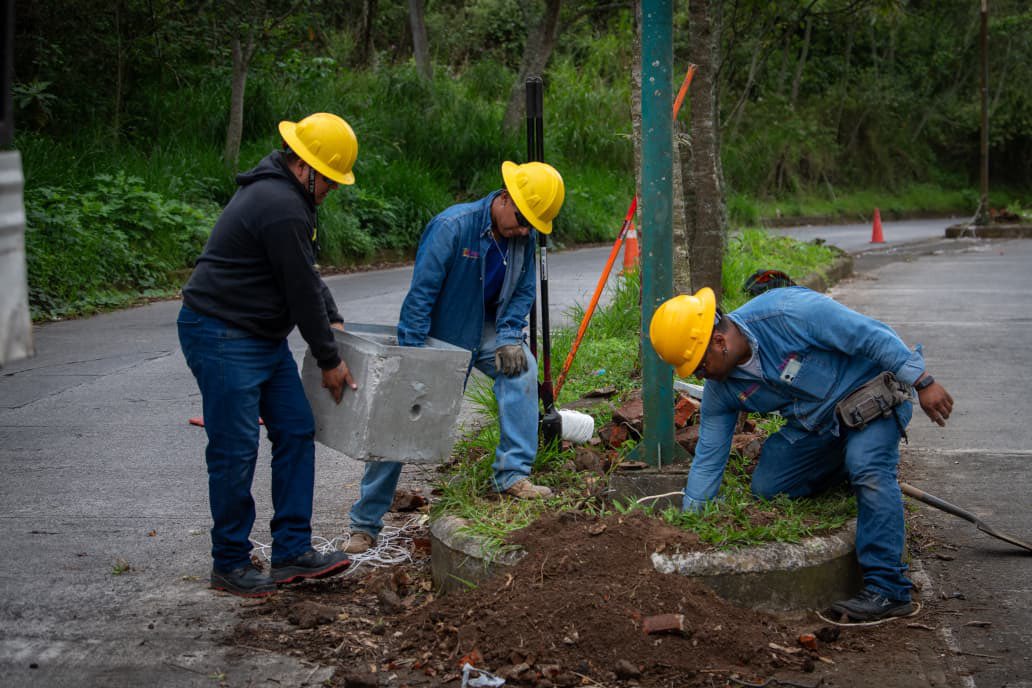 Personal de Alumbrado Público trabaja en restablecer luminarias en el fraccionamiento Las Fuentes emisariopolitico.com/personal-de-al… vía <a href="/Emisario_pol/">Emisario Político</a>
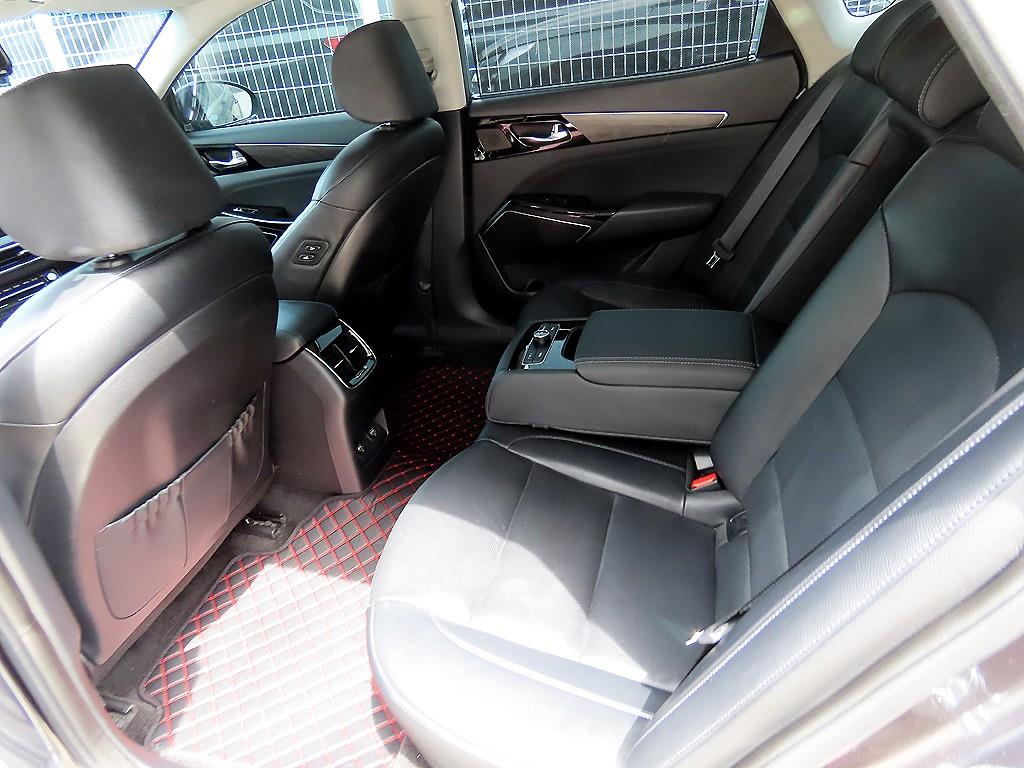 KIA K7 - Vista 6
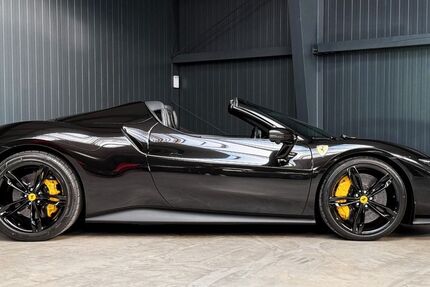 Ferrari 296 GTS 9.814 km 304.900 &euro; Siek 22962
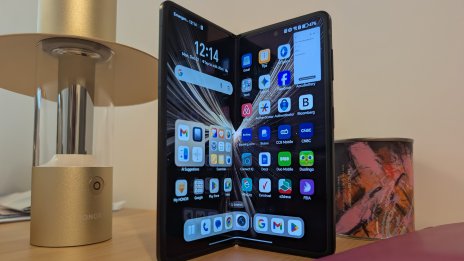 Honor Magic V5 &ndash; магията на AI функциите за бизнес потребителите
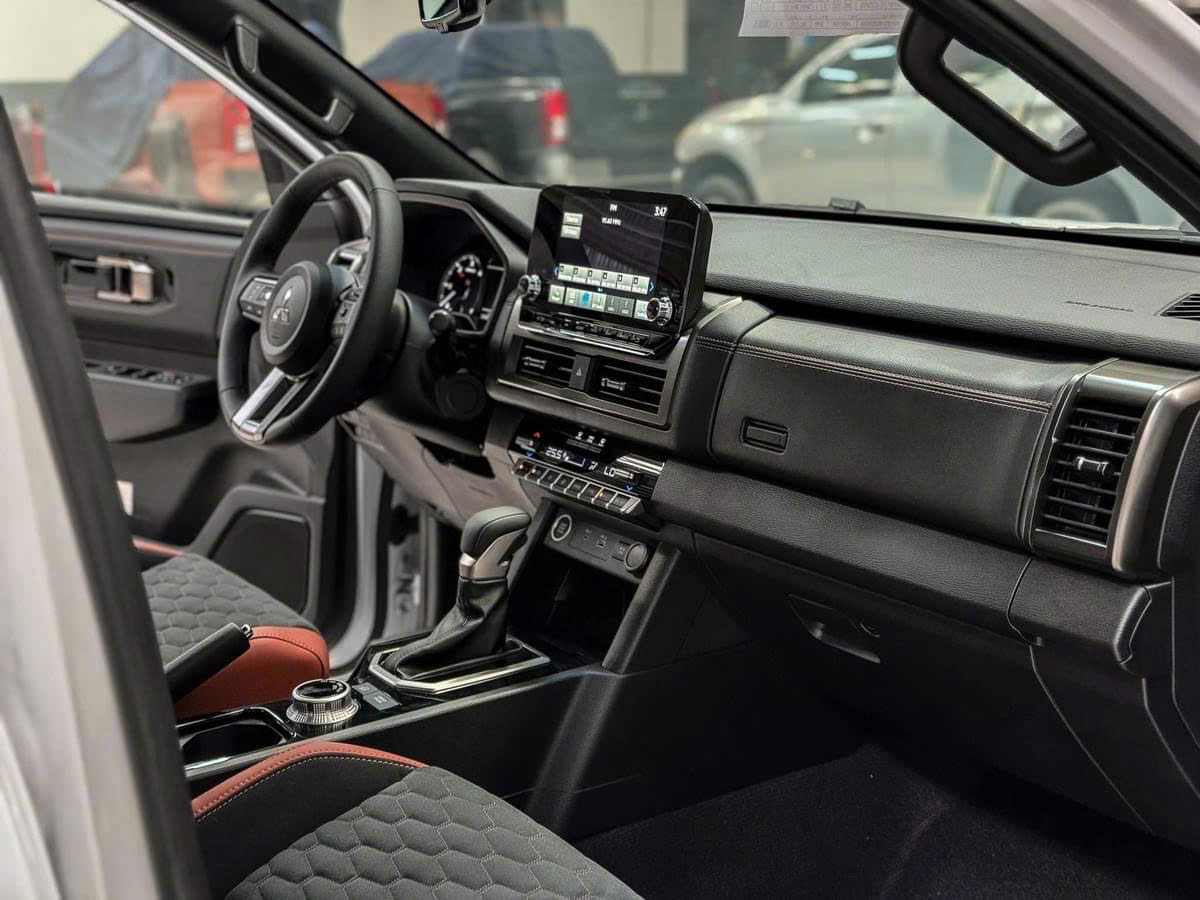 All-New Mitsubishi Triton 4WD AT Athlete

**What the task asks**
What is needed is an exact copy of every line from the one with "Ferrari 296 GTS" to the end of the listing above, with the pictures left out.

**Solution to this problem**
 Ferrari 296 GTS 9.814 km 304.900 &euro; Siek 22962
 Honor Magic V5 &ndash; магията на AI функциите за бизнес потребителите
 All-New Mitsubishi Triton 4WD AT Athlete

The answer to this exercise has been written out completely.